In Notepad++ this is Format > Encode in UTF-8 without BOM. In Notepad2 this is the other way round; you explicitly have to request 'with Signature' in order to get a BOM, simply picking UTF-8 does not include it.
See this recent thread for more info on the BOM (and removing it): [webmasterworld.com...]
So, you seem to be OK in your particular situation providing you keep to the basic set of characters in your HTML/PHP document or use numeric char refs. Certainly something to be aware of. What is best practise in this case? Have a mixture of character encodings or go 100% UTF-8?

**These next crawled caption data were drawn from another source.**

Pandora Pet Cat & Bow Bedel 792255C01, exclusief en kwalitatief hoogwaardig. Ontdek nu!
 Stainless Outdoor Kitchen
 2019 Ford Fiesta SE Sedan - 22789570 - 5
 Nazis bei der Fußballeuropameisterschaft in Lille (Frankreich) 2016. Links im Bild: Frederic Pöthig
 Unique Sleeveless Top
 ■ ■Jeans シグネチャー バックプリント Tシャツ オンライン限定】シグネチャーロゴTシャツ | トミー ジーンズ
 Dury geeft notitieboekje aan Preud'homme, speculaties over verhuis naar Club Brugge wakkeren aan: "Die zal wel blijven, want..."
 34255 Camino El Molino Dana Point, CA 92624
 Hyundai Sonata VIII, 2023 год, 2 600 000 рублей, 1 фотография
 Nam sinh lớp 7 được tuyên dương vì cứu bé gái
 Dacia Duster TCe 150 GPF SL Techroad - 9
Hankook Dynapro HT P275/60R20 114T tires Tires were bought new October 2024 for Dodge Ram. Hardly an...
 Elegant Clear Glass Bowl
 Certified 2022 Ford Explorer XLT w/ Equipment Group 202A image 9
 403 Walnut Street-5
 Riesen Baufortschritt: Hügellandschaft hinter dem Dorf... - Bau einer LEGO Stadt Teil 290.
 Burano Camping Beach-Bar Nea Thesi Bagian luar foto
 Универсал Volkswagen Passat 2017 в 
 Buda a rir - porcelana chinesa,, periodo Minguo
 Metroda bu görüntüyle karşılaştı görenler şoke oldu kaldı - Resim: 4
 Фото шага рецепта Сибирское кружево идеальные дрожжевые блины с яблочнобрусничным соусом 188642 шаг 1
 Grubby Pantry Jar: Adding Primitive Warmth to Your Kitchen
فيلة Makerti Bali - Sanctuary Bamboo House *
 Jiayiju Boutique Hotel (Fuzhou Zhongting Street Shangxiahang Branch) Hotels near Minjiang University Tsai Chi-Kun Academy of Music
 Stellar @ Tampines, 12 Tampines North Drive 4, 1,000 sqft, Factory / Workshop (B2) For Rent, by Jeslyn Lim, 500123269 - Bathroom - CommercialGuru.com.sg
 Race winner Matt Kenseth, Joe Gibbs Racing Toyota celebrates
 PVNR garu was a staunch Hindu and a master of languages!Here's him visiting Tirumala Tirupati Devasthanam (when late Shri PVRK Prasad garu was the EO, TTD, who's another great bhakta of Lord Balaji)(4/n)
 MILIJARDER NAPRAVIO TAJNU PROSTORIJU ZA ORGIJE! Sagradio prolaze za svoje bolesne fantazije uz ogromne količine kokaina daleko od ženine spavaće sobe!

kapow: A typical test page I just created has this in the css file:
@charset "utf-8";
Do external CSS files need to be UTF-8 encoded? Do they contain any content? Do they contain any non-ANSI chars?
So would Notepad++ allow him to past ANSI text into Notepad++ and then (still in Notepad++) convert to UTF-8?
Yes, I believe so (as mikewm mentions above), but be sure to pick the "Format > Convert to UTF-8 without BOM", not simply the "Encode to" option as this could lose data!
What is best practise in this case? Have a mixture of character encodings or go 100% UTF-8?
To quote encyclo, from this thread: ANSI, Unicode, UTF-8, and the path of most resistance! [webmasterworld.com]
>> 3.) Should I save all the files as utf-8?
The answer to question three is yes, keep it consistent - go utf-8 for everything by default - even if you think the page only contains ASCII characters you will be saving yourself a lot of hassle in the long run. Note: don't use anything outside the usual ASCII range for PHP function names and such.
...and my table's collation in the database is set to utf8_bin.
I really don't know much about the database specifics here I'm afraid. But isn't the collation just the rules that govern how characters are compared, not how they are actually stored/encoded?
[dev.mysql.com...]
utf8_bin - Binary collation (case-sensitive comparison ?)
Looking around, I would guess that the correct character set encoding to use is simply 'utf8'. And perhaps set after having connected to the DB like:
SET NAMES utf8
Just a thought... if data has already been written to the DB with a latin charset, it may need to be converted... read as latin, written back as utf8? (not sure)
This is rather speculative, however, so may be the Database forum [webmasterworld.com] can offer more sound advice? In fact I notice that the latest thread "MySQL converting character sets question [webmasterworld.com]" perhaps deals with a related topic (although no replies as yet).
I would be interested to know the outcome of this.